## Task statement:
Exclude every picture. Output verbatim the lines from the one containing "Обява Продава 3-СТАЕН,град" to the end of the data.

## Data provided:
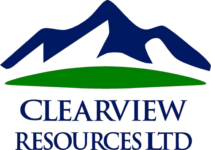 Clearview Resources Ltd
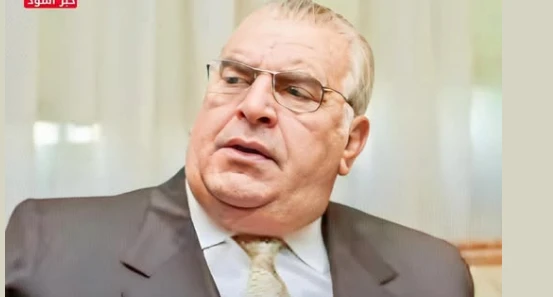 إعادة محاكمة ورثة كمال الشادلي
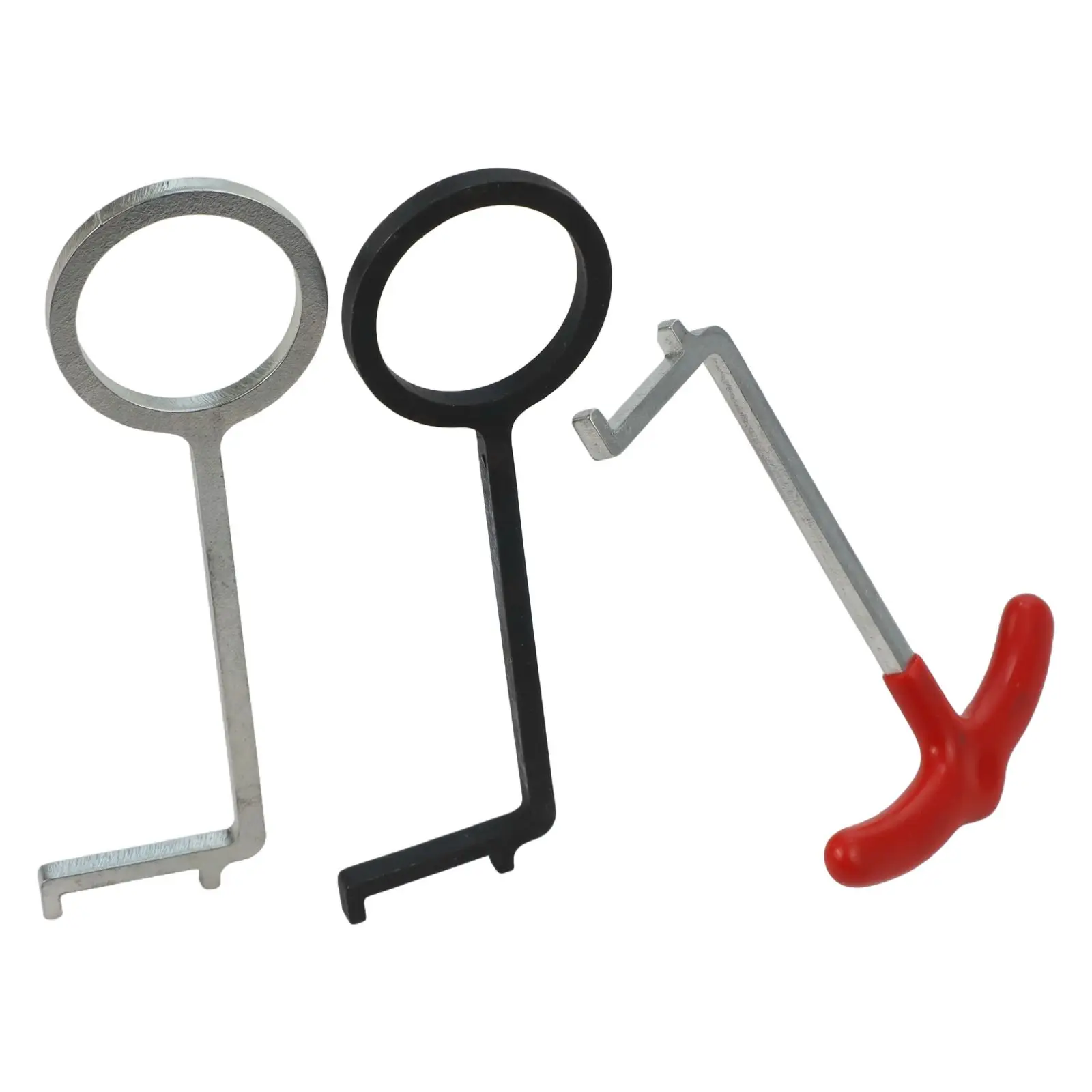 

Vehicle Timing Belt Maintenance Auto Repair Tools As Shown In The Figure Timing Belt Tool Essential Engine Maintenance Tool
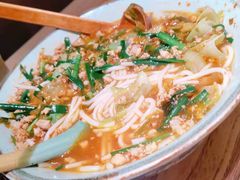 -缘生态云南菜·野生菌庭院餐厅(华侨城店)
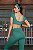 Legging Matcha - Verde - Imagem 4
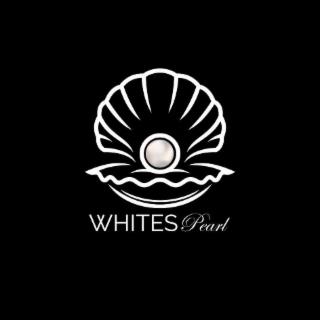 WHITES PEARL trademark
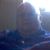 Andrew Renwick's profile image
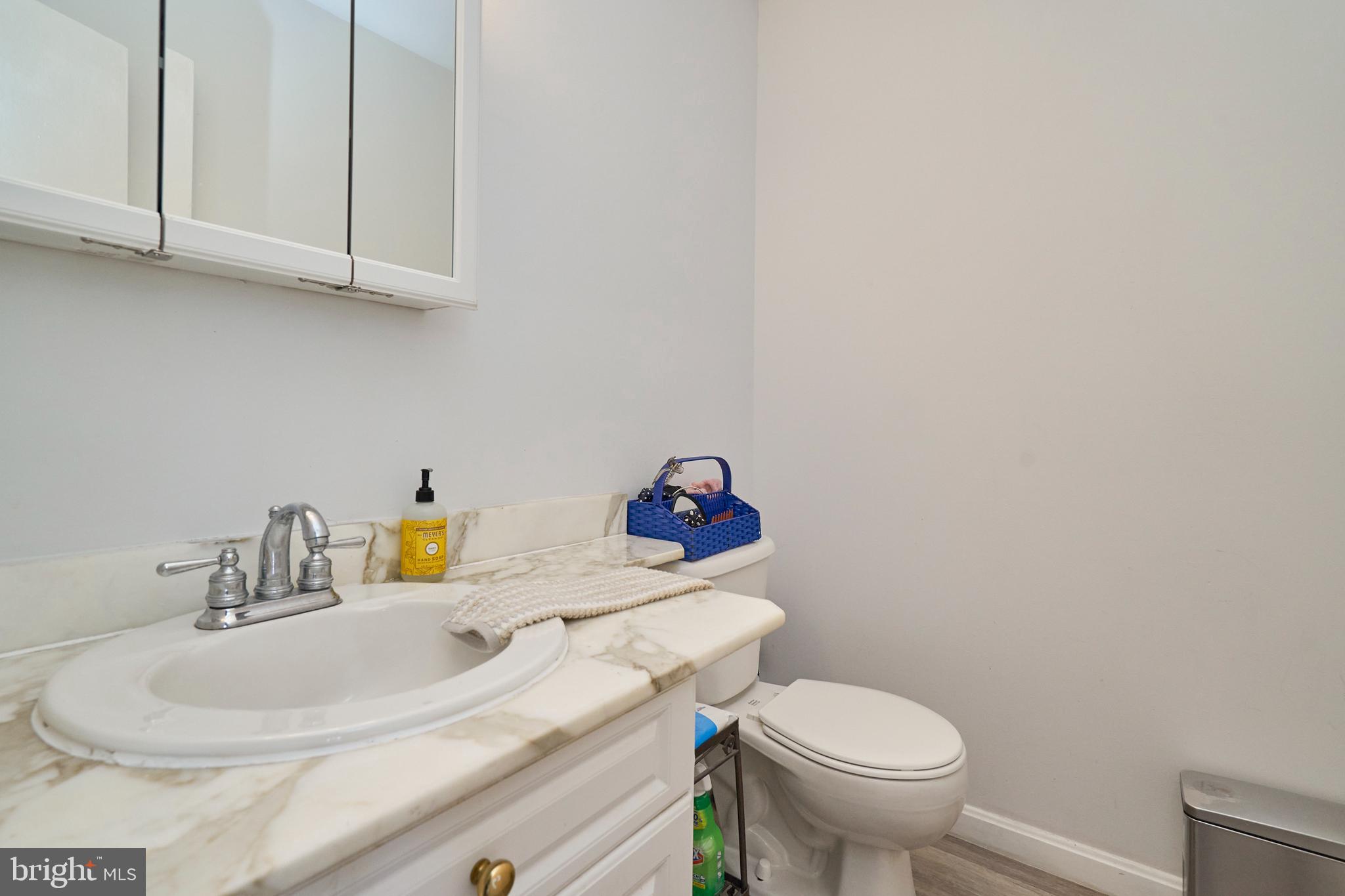 POINT OF WOODS EAST - Residential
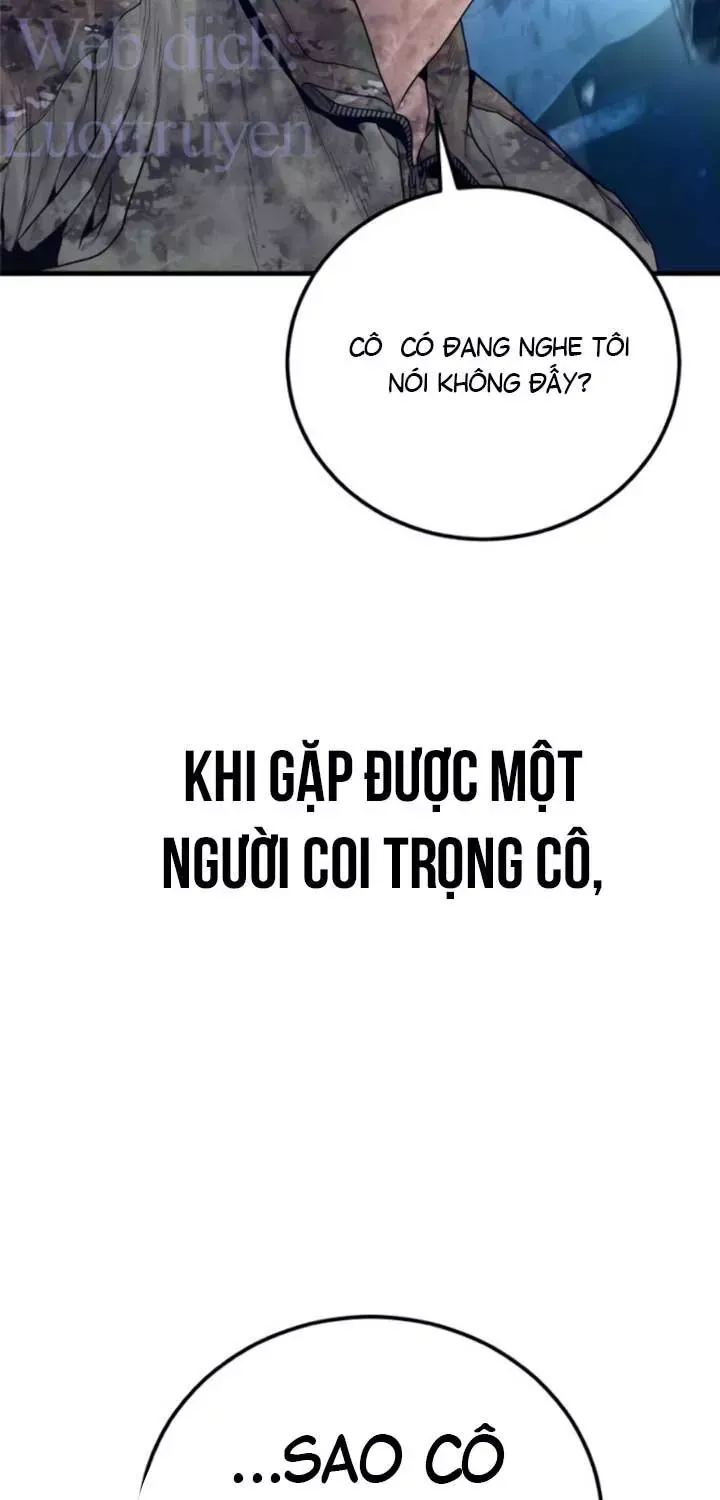 Bố Tôi Là Đặc Vụ Chap 241 - Next Chap 242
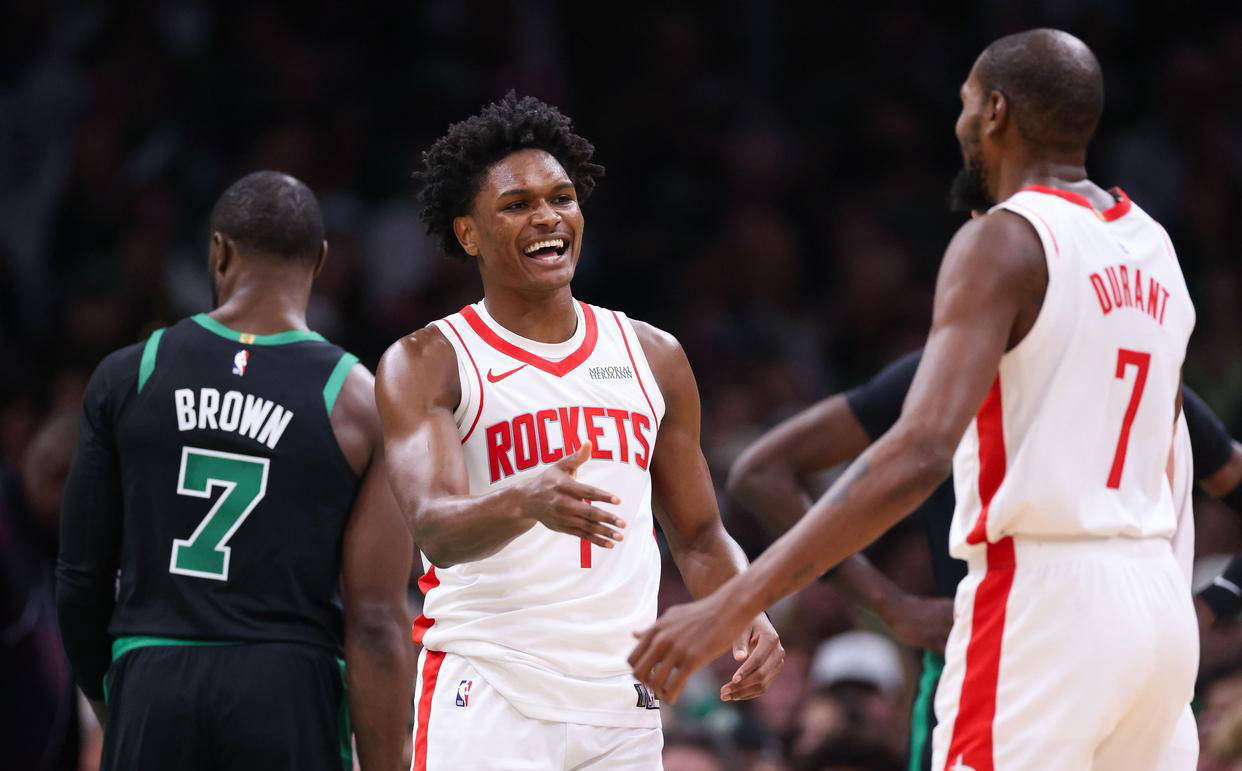 TA：维尔纳与迈阿密国际谈判传闻不属实，他不在后者计划中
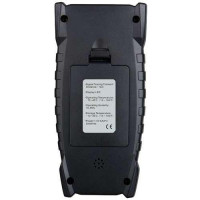 Кабель-тестер (RJ-45 и RJ-11) BENETECH GT66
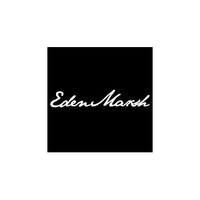 Eden Marsh Creative Recruitment logo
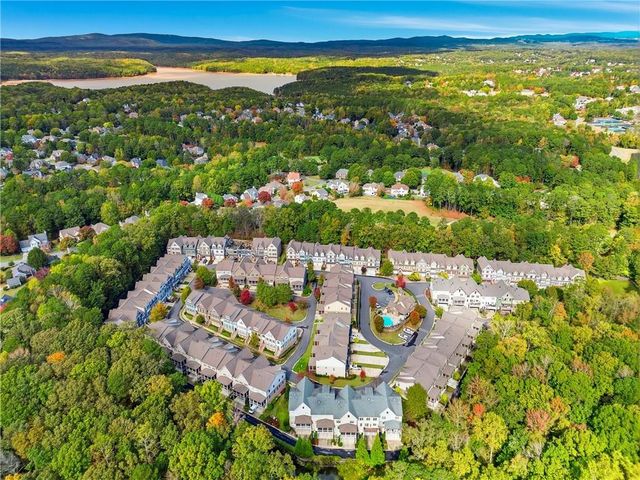 265 Trecastle Square, Canton, GA 30114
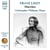 Complete Piano Music, Vol. 70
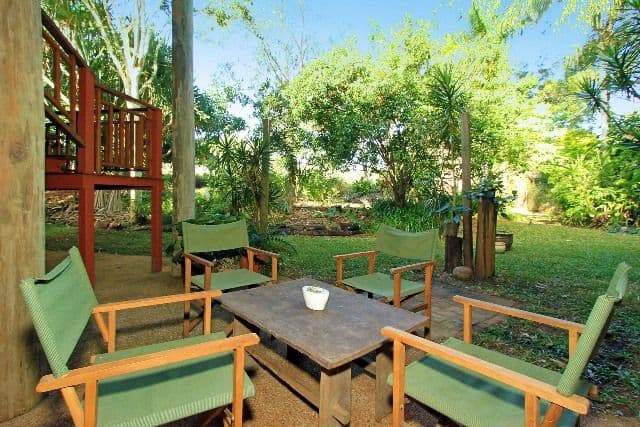 146 Stones Road, WOODBURY QLD 4703, Woodbury - Thumbnail 8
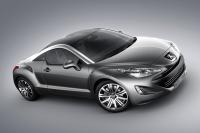 Exterieur_Peugeot-308-RC-Z_6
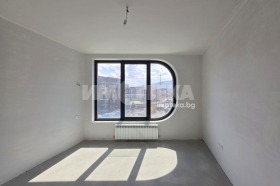 Обява Продава 3-СТАЕН,град София, Кръстова вада>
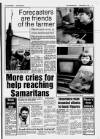 Lincolnshire Echo Friday 04 June 1993 Page 7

## Your solution:
 Обява Продава 3-СТАЕН,град София, Кръстова вада>
 Lincolnshire Echo Friday 04 June 1993 Page 7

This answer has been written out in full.